La diplomatie permet-elle de découper l'éternité en tranches? Enfermés

La diplomatie permet-elle de découper l'éternité en tranches? Enfermés dans leur luxueux réduit américain de Camp David, c'est à cela que s'attellent Ehud Barak et Yasser Arafat avec la complicité défaillante de Bill Clinton. Aucune ville, sans doute, n'est chargée d'un poids historique et d'une puissance évocatrice si extraordinaire que Jérusalem, ce «nombril du monde» qui menace aujourd'hui d'engloutir corps et biens négociations et négociateurs.

Adversaires farouches, Barak et Arafat partagent en effet une même faiblesse: face à l'énormité d'un enjeu dont ils ne sont tous deux que des dépositaires temporaires et partiels. Qu'est un premier ministre israélien pour se mesurer à une formule rituelle – «l'année prochaine à Jérusalem» – presque constitutive de l'identité juive elle-même? Qui est-il pour mettre en «danger» l'avenir du Mur occidental, le seul lieu saint de la religion hébraïque? Et qui est un président palestinien pour décider du sort de la Mosquée Al-Aqsa et du Dôme du Rocher, ces lieux mythiques de «l'autre» Jérusalem, qui ont servi non seulement d'emblème au combat palestinien, mais aussi tour à tour d'idéal à la religion musulmane et d'étendard à l'ensemble du monde arabe?

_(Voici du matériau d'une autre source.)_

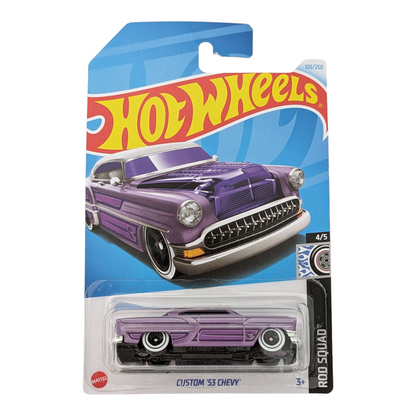 Hot Wheels Basic Car 2024 Wave 4 - D Case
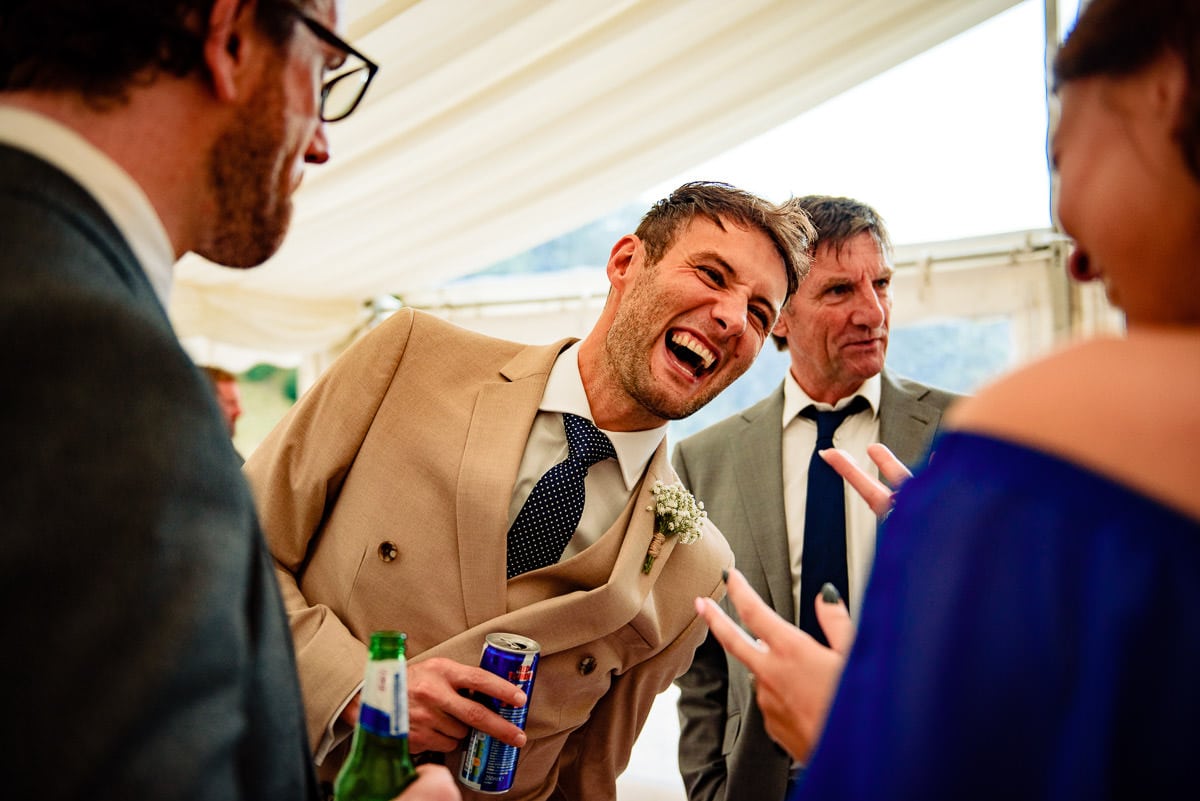 groom at gisburn park estate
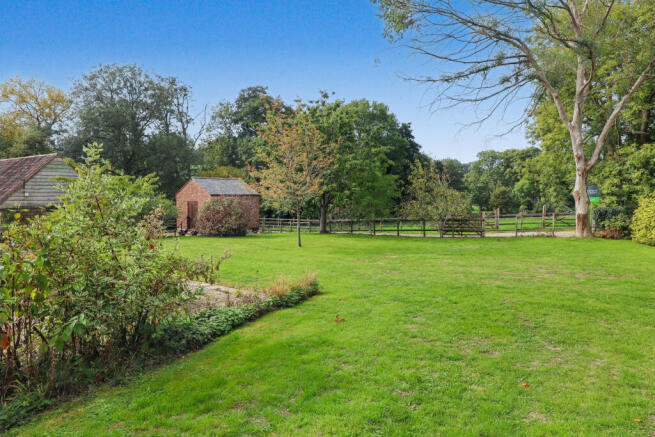 Garden and outlook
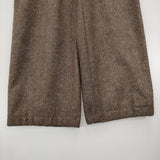 CellarDoor イタリア製 ウール パンツ ブラウン レディース セラードアー【中古】6-0125T∞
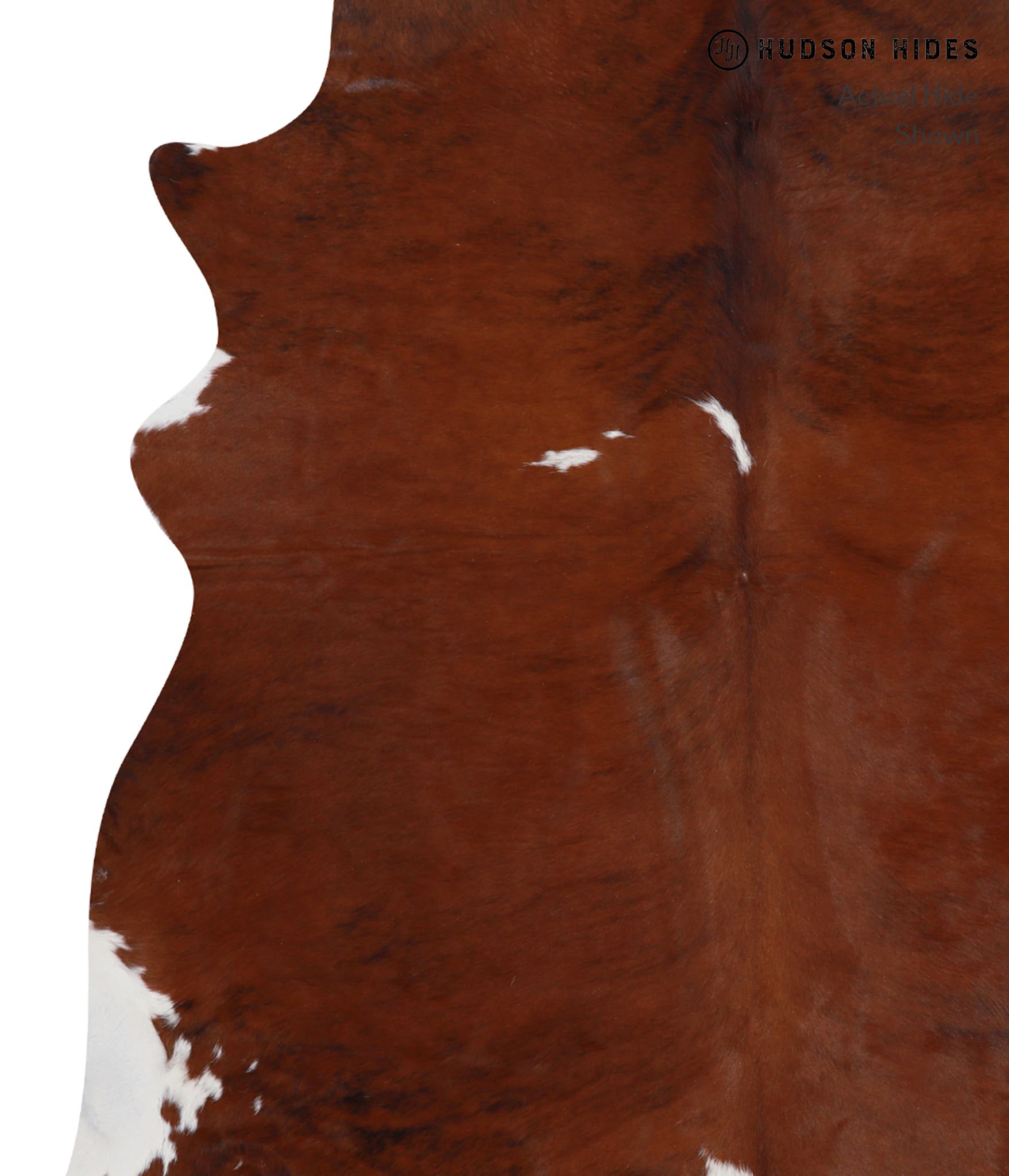 Medium Brindle Cowhide Rug #A3304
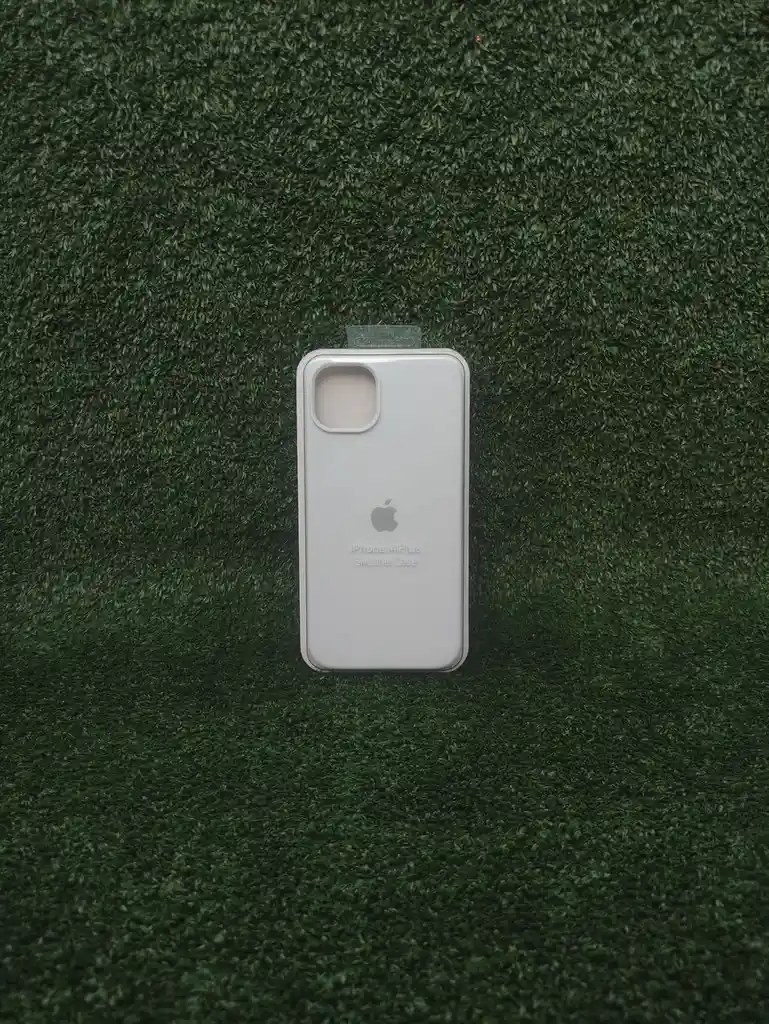   iPhone  14 Max / 14 Plus | Forro Protector| Silicone Case | Blanco |  iPhone  | Carcasa | Funda | Anti Humedad 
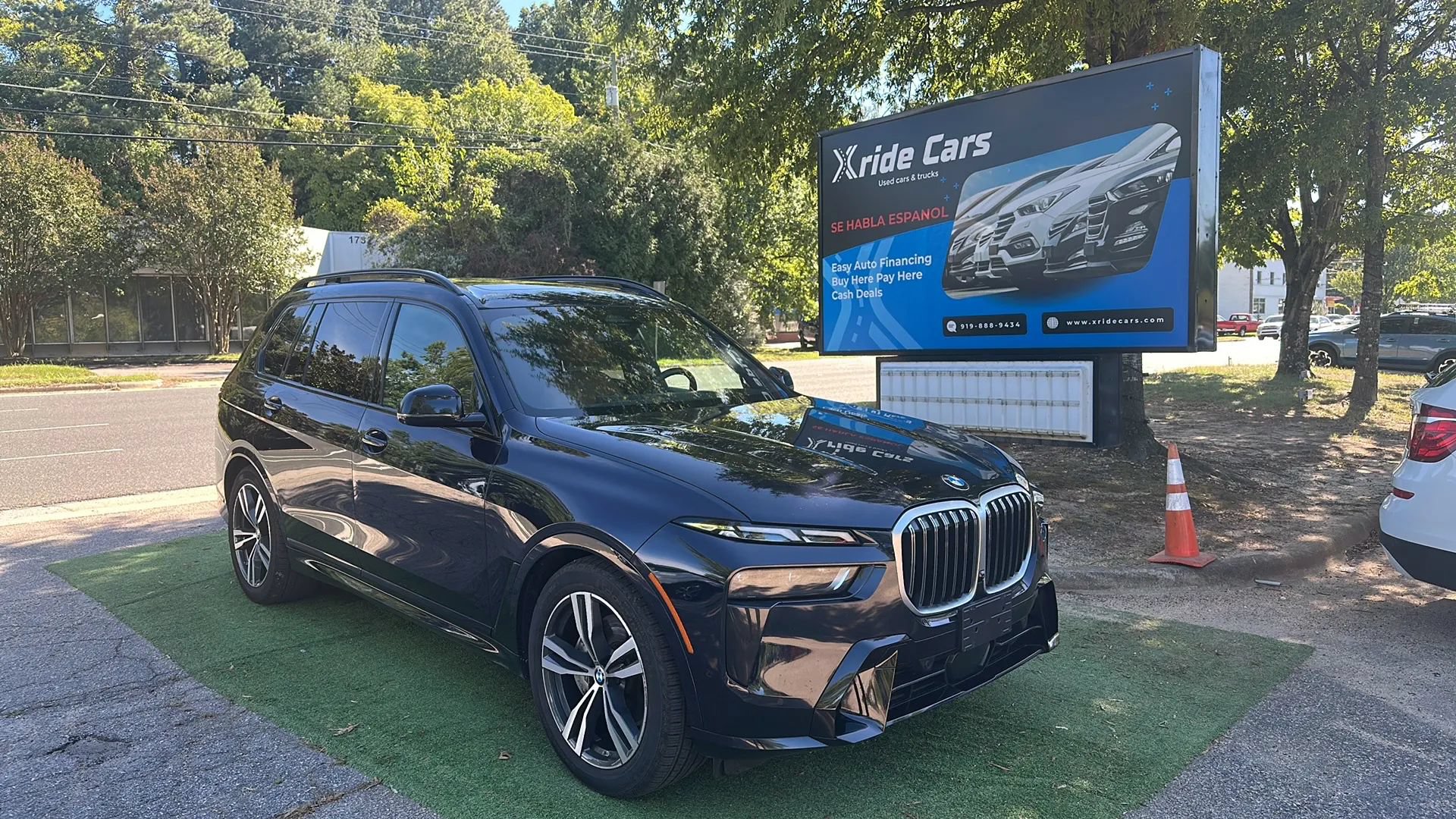 Used 2024 BMW X7 xDrive40i w/ M Sport Package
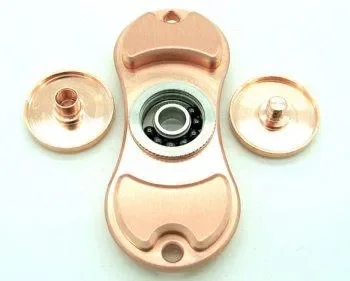 Metal Fidget Dual Spinner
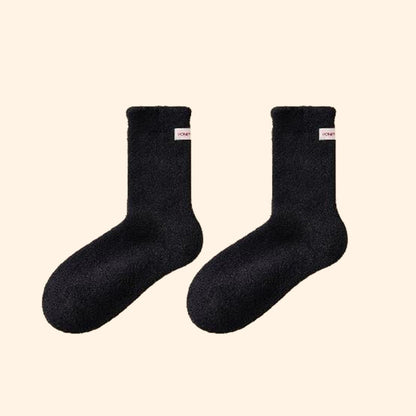 Flexible Soft Sleep Socks(3 Pairs) - Black - EU36-43(US3-9) - image 10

En réalité, pour être à même de passer de la légitimité que procurent David, Abraham ou Mahomet à celle de leur simple bonne foi, pour pouvoir se départir des citations sacrées et les transformer en vision politique, les négociateurs doivent disposer d'une autorité sans faille, avant tout dans leur propre camp. Parce qu'il semble trop soucieux d'identifier jusqu'à la fin la cause de la Palestine à la sienne propre, Yasser Arafat ne jouit plus de cette légitimité. Quant à Ehud Barak, il n'en dispose pas davantage: son pays a trop longtemps encouragé les extrémismes pour lui pardonner aujourd'hui tout ce qui pourrait être perçu comme de la faiblesse. Rien ne les empêcherait de conclure tout de même un accord. Mais Jérusalem en a déjà connu beaucoup d'autres, balayés par l'histoire.